Exercise requirements: Nothing outside the range below should be printed. Output exactly the lines from the line with "Volvo V40 Cross Country vaihtoauto" to the line with "1348 Rittenhouse Street", both included.

Given records:

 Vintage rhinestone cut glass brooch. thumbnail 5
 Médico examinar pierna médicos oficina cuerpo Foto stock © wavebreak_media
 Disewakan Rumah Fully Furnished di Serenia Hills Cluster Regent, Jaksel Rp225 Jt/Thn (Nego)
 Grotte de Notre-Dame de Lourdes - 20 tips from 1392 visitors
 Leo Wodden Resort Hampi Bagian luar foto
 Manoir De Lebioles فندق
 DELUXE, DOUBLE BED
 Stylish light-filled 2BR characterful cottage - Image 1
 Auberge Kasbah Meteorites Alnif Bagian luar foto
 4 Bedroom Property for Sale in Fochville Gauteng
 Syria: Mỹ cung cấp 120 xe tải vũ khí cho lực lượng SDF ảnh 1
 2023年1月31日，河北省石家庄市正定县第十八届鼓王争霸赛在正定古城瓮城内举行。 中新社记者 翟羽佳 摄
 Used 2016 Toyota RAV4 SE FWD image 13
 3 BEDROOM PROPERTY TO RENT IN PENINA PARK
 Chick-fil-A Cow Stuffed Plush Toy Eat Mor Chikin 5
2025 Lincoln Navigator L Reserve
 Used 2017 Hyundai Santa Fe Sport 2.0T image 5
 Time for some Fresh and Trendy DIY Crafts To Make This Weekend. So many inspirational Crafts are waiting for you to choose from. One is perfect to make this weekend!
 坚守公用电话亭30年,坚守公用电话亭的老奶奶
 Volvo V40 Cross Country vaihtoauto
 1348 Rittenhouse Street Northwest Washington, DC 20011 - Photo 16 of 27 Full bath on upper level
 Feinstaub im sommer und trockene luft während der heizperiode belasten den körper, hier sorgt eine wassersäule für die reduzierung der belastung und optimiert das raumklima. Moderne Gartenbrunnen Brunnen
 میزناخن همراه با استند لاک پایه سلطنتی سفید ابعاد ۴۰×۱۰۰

Result of the task:
 Volvo V40 Cross Country vaihtoauto
 1348 Rittenhouse Street Northwest Washington, DC 20011 - Photo 16 of 27 Full bath on upper level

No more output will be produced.